Read and analyse an XDS file
XDS.Rmd
Introduction
Main aim of this tutorial is to load the full content of two different XDS files in the workspace, to analyse and modify data for one of the two files, and to write the modified content into a new XDS file.
Sample XDS file
Some sample files are stored as external data in this package. Among them there are two XDS files available with the current release. To access the files, first load the cry
package.
Next, have a look at what is included in the external-data directory of cry
.
datadir <- system.file("extdata",package="cry")
all_files <- list.files(datadir)
print(all_files)
#> [1] "1dei_phases.mtz" "1dei-sf.cif"
#> [3] "2ol9_phases.mtz" "3syu.cif"
#> [5] "6vww_xds_ascii_merged.hkl" "AMS_DATA.cif"
#> [7] "e-65-00i60-Isup2.rtv" "shelxc.log"
#> [9] "shelxd.log" "shelxe_i.log"
#> [11] "shelxe_o.log" "xds00_ascii.hkl"
The two XDS files we are interested in are “xds00_ascii.hkl” and “6vww_xds_ascii_merged.hkl”. Both files can be loaded using function readXDS_ASCII
.
Two types of XDS files
The cry
function readXDS_ASCII
can load in the R working memory both XDS reflection files produced by XDS and XSCALE. Their formats differ slightly. Let’s start by loading “xds00_ascii.hkl”, which is created by the ’CORRECT’component of XDS. The created object is a named list.
filename <- file.path(datadir,"xds00_ascii.hkl")
objXDS1 <- readXDS_ASCII(filename)
class(objXDS1)
#> [1] "list"
names(objXDS1)
#> [1] "processing_info" "header" "reflections"
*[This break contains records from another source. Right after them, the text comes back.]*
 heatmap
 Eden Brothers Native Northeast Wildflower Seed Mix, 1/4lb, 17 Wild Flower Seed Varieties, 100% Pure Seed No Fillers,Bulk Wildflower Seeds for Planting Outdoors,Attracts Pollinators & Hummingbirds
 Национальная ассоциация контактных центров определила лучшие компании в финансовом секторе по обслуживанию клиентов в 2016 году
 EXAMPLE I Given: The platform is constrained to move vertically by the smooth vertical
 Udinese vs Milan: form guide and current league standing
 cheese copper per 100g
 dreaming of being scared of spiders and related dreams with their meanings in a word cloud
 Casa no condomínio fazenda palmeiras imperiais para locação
Each component of is either a named list, or a data frame. More specifically:
-
processing_info
It’s a small named list with names
MERGE
,FRIEDEL
andPROFILE_FITTING
. All these components are logical variables (TRUE/FALSE). IfMERGE
is TRUE, the file has been produced by XSCALE. IfFRIEDEL
is TRUE, the Bijvoet pairs have been averaged to respect Friedel’s law.PROFILE_FITTING
is only TRUE for files produced by XDS. -
header
This is a longer named list with components related to the diffraction experiment including for example the oscillation range, the fraction of polarization, the rough cell parameters’ estimate, etc.
-
reflections
These are the experimental observations, i.e. the integrated intensity, its error, and other qualities for each triplet of Miller indices. They are included in a data frame.
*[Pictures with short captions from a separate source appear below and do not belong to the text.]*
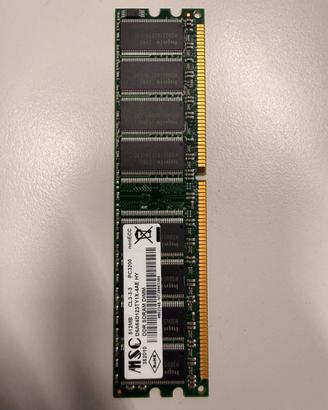 Memorie RAM di vario tipo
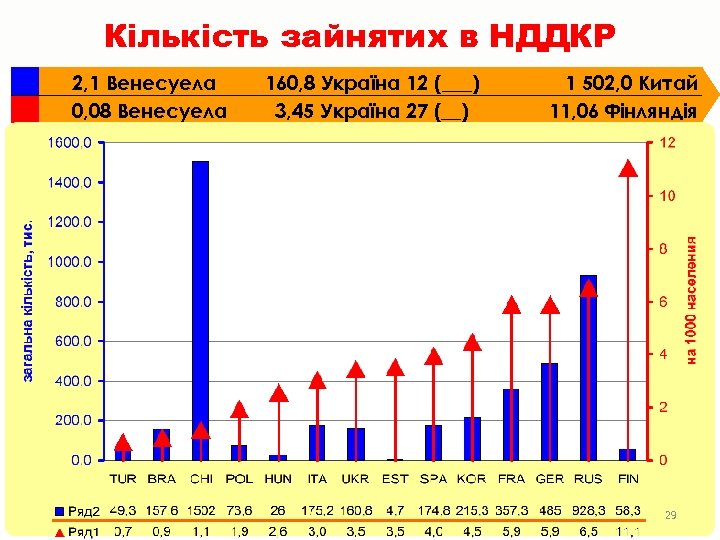 Кількість зайнятих в НДДКР 2, 1 Венесуела 0, 08 Венесуела 160, 8 Україна 12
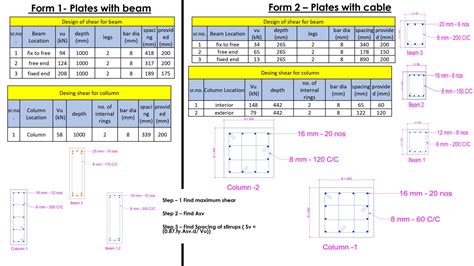 Design Of Roofing System For Basketball Court Using RCC | CEPT - Portfolio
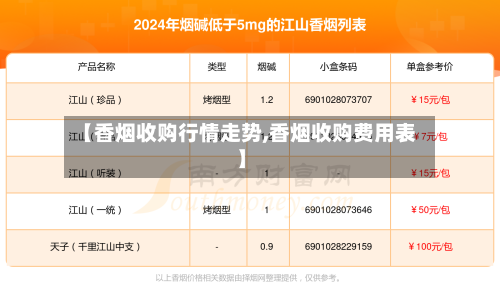 【香烟收购行情走势,香烟收购费用表】-第2张图片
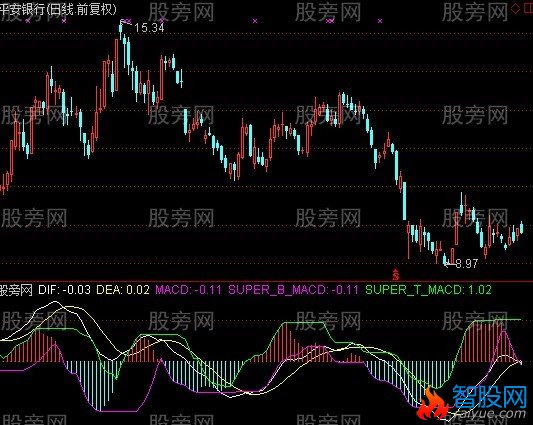 通达信S-MACD指标公式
# 'reflections' is a data frame
print(class(objXDS1$reflections))
#> [1] "data.frame"
# First 5 observations
print(objXDS1$reflections[1:5,])
#> H K L IOBS SIGMA.IOBS. XD YD ZD RLP PEAK CORR PSI
#> 1 0 0 -35 61.77 128.4 2094.2 664.4 6.4 0.17998 92 7 62.60
#> 2 0 0 -36 137.70 136.3 2120.2 645.5 10.3 0.18539 99 8 62.91
#> 3 0 0 -38 -29.38 153.9 2172.7 607.6 18.0 0.19628 100 -7 63.53
#> 4 0 0 -39 -23.68 158.5 2199.2 588.5 21.9 0.20176 100 -7 63.85
#> 5 0 0 -40 73.30 161.0 2226.0 569.5 25.8 0.20726 100 8 64.16
A file produced by XSCALE has in general a smaller number of data columns:
# Load the other XDS ascii file
filename <- file.path(datadir,"6vww_xds_ascii_merged.hkl")
objXDS2 <- readXDS_ASCII(filename,message=TRUE)
#>
#> File read successfully.
#> There are 27951 reflections in this file.
#> Here is a summary of the observations:
#>
#> Min. 1st Qu. Median Mean 3rd Qu. Max.
#> -1.085 2.089 2.920 2.868 3.684 5.888
# This file has been produced by XSCALE
print(objXDS2$processing_info$MERGE)
#> [1] TRUE
# First 5 observations
print(objXDS2$reflections[1:5,])
#> H K L IOBS SIGMA.IOBS.
#> 1 0 0 4 192900 78780
#> 2 0 0 6 1707000 694600
#> 3 0 0 8 16670000 6782000
#> 4 0 0 10 224900 93500
#> 5 0 0 12 7838000 3189000
The XDS reflections
Let us focus on the dataset produced by XSCALE. The full set of data is contained, as seen, in a data frame structure. This makes it easy to carry out the usual selection, reshaping and statistical operations normally available in R.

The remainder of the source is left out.